Task to complete
Include in the output the line containing "孫の成長を見に家に遊びにきた祖父母" and each subsequent line of the records, through the end, transcribed exactly. Add nothing else.

Dataset content

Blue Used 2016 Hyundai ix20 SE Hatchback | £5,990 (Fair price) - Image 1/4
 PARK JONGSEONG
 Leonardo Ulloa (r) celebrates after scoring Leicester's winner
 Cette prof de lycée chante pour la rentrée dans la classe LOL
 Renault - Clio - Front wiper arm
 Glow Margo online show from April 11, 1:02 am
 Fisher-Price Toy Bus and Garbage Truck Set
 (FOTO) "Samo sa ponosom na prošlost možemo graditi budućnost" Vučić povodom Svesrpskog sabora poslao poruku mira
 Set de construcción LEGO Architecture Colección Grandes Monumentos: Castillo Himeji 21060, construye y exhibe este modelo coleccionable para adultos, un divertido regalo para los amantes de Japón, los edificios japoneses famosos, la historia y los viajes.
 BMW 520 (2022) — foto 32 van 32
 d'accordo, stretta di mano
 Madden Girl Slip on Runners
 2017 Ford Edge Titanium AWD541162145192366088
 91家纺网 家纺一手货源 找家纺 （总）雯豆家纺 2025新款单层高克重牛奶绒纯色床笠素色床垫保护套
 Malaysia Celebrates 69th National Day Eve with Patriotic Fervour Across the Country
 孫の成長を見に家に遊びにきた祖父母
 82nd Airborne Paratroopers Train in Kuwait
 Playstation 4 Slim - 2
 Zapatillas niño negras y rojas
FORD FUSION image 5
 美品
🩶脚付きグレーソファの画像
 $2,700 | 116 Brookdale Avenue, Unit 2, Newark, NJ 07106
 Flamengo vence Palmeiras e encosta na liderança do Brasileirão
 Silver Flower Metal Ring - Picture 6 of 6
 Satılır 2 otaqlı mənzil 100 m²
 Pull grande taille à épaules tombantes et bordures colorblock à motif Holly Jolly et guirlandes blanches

The completed task
 孫の成長を見に家に遊びにきた祖父母
 82nd Airborne Paratroopers Train in Kuwait
 Playstation 4 Slim - 2
 Zapatillas niño negras y rojas
FORD FUSION image 5
 美品
🩶脚付きグレーソファの画像
 $2,700 | 116 Brookdale Avenue, Unit 2, Newark, NJ 07106
 Flamengo vence Palmeiras e encosta na liderança do Brasileirão
 Silver Flower Metal Ring - Picture 6 of 6
 Satılır 2 otaqlı mənzil 100 m²
 Pull grande taille à épaules tombantes et bordures colorblock à motif Holly Jolly et guirlandes blanches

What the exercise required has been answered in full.